Rozpoczyna ją krótki, czarno-biały film propagandowy opowiadający o promieniowaniu z kosmosu, wojnach z zombies i korporacji ZomCon, która w czasie wojen wynalazła obrożę neutralizującą u zombich głód mięsa i zamieniającą ich w bezmyślne, oswojone zwierzaki. Przynajmniej do momentu, gdy obroża się nie zepsuje – wtedy pozostaje przycisk alarmowy wzywający służby specjalne. Krótkie wprowadzenie w świat filmu jest rewelacyjne i bardzo klimatyczne. Dodatkowo rządzi pierwsza scena, w której pracownik ZomConu, na specjalnej lekcji, pyta 11 latków – ilu z Was zabiło do tej pory zombie?
Wojny z zombie nie są niestety osią fabuły Fido. Co więcej, konflikt się skończył. Ludzkość mieszka w zamkniętych miastach (chronionych oczywiście przez ZomCon) a reszta świata to tzw. dzika strefa, do której zsyła się przestępców czy innych wywrotowców. Bohaterem Fido jest 11-letni chłopczyk, który wraz z rodzinką żyje w tym mało przyjemnym świecie. Ma kłopoty w szkole, jego ojca wciąż męczy trauma od czasu kiedy dziadek go prawie pożarł a udomowiony zombiak Fido właśnie odgryzł rękę sąsiadce.

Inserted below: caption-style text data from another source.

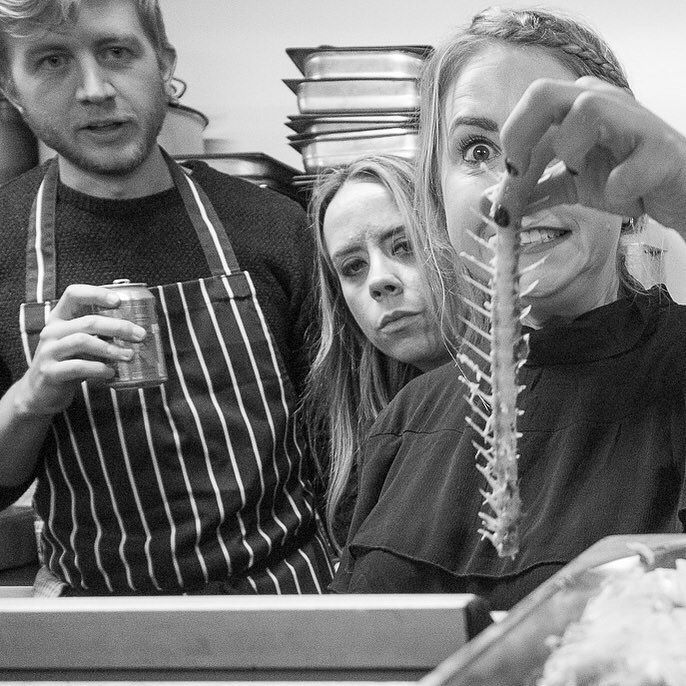 When the fish is so tender the bone just falls out... New date added for the Eat Like A Chef Christmas Special on Dec 22... 🎄👨🏾‍🍳🍾
📸<a href="/Julie/">Julie</a>.melet ift.tt/2AKN8Ih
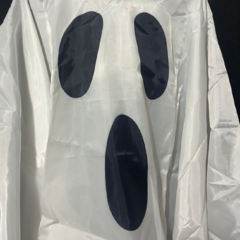Capa poncho con capucha Fantasma en internet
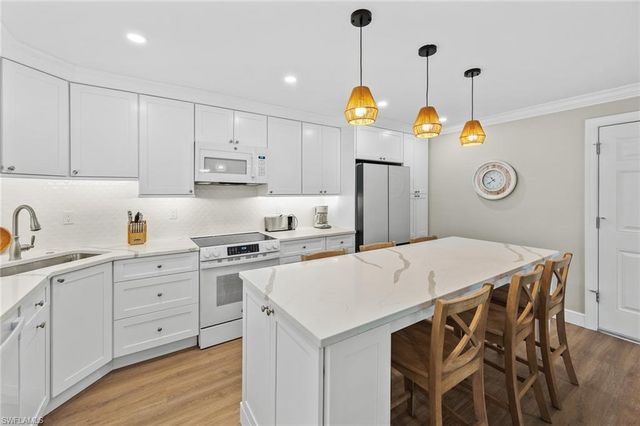 845 E Gulf DR 611, Sanibel, FL 33957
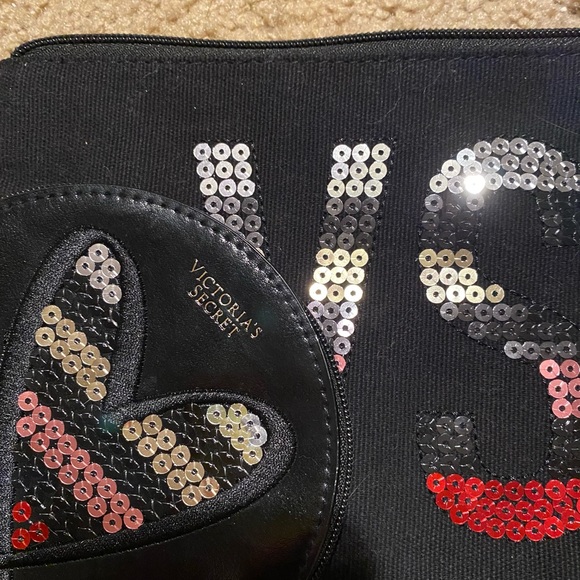 Pair of VS Small Makeup/accessories Bags - Picture 5 of 5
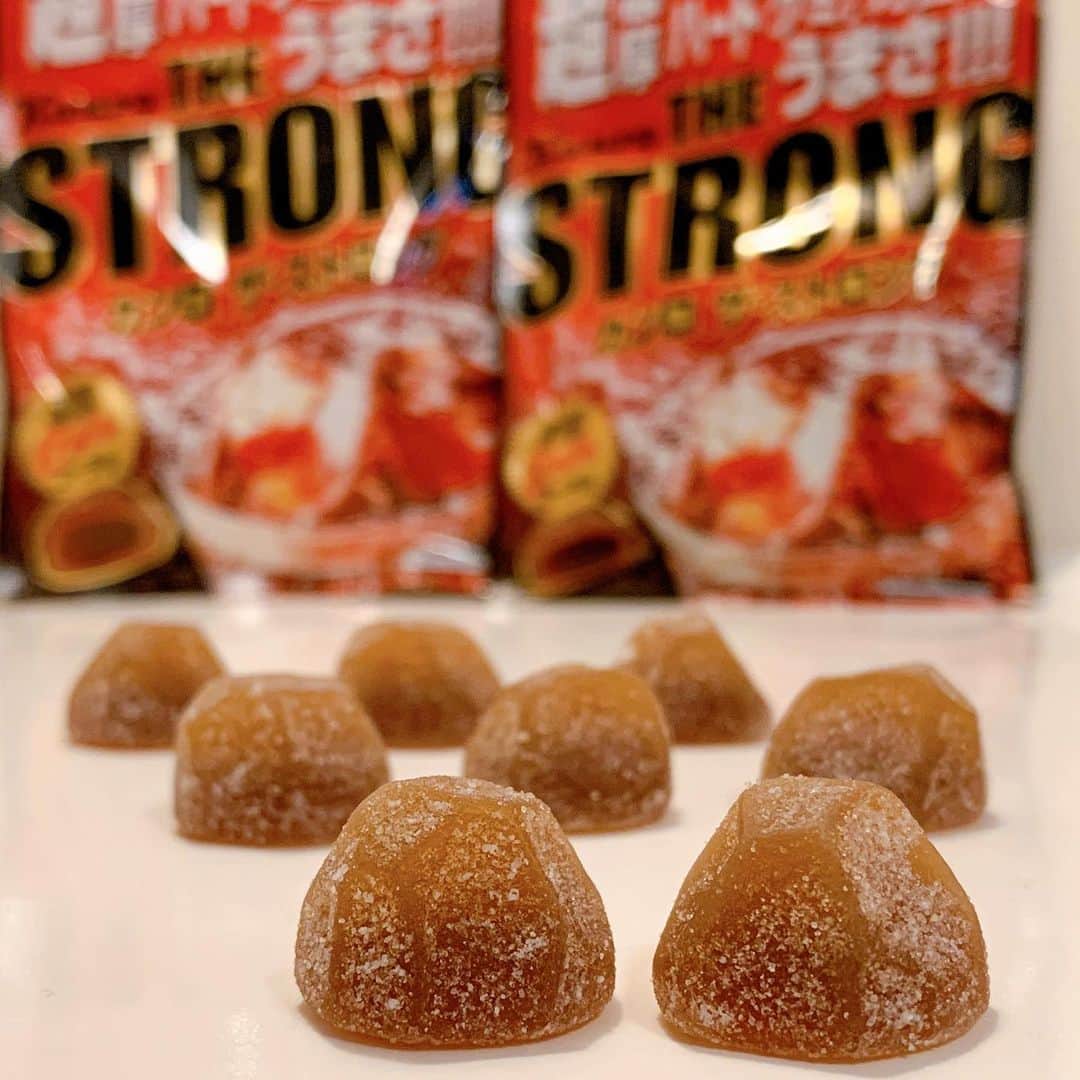 日本グミ協会さんのインスタグラム写真 - (日本グミ協会Instagram)「『カンロ ザ ストロング』  グミを語る上で必ず食べてみて欲しいグミです。  普通とは逆の外が柔らかく、中が硬い。それはナタデココやタピオカの芯のような新しい食感。  ピュレグミとカミキングでソフトとハードその両方の弾力を追求してきたカンロだから成せる技。  新しい弾力 #逆弾力 をご堪能ください。  #グミ #日本グミ協会 #カンロザストロング #逆弾力 #gummy #キミグミ」8月17日 21時06分 - gummy_japan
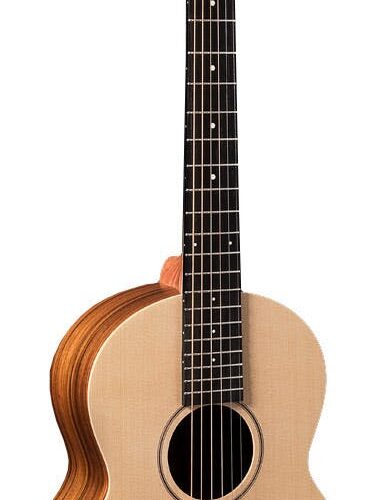Sheeran by Lowden W02 Acoustic Guitar with Santos Rosewood Body & Sitka Spruce Top in stock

Koncepcja filmu jest moim zdaniem świetna. Zestawienie stereotypowego, amerykańskiego przedmieścia lat ’50 z grozą zombiegeddonu śmieszy już samym pomysłem. Dzieci na WF odstrzeliwują łby tekturowym makietom. Ziemia jest wciąż w zasięgu kosmicznego promieniowania więc generalnie nie ufa się staruszkom, gdyż byle zawał serca zamienia babcię w głodnego, chodzącego trupa. Zmarłym odcina się głowę, która chowana jest w osobnej trumnie. Co nawala w Fido to brak pomysłu „co do cholery właściwie kręcimy”. Mamy coś na podobieństwo familijnej komedii dla dorosłych: kłopoty jedenastolatka z klasowymi chuliganami czy nieczułym ojcem idą w parze z klepaniem staruszki łopatą czy strzelaniem kolegom w głowę. Brzmi nieźle, prawda? Ale po ostatnich napisach końcowych czegoś brakuje. A dokładniej nic nie pozostaje.
Wymieszanie gatunków, które tak doskonale wyszło w Shaun of the Dead, tutaj sprawia wrażenie dość płytkiego i zostało zrealizowane świetnie tylko na etapie pomysłu. Nie wychodzi to na złe samemu filmowi – ogląda się go nieźle. Jest zabawny i gdyby Fido dopracować zostałby szybko, tak lubianą na Zakazanej Planecie, kultową klasyką.
P.S. Obleśny jest pomysł romansowania z zombie ale to pozostawiam do oceny czytelnikom ZP (patrząc po jakich zapytaniach ludzie trafiają z Google na ZP, wielu naszym czytelnikom koncepcja ta na pewno wyda się atrakcyjna – Cmdr JJA).
Ocena 1-5:
Straszność: 1
Gore: 3
Logika: 3
Zakończenie: 3
Fajność: 3
Cytat: Bill, just because your father tried to eat you does that mean we all have to be unhappy?
Ciekawostka przyrodnicza: W latach ’50 broń można posiadać już po skończonych 12 latach.
Written by: garret
Wciągnę. Za innośc podejścia do tematu. Dzięki za reckę!
Film obejrzałem dopiero teraz i podobał mi się.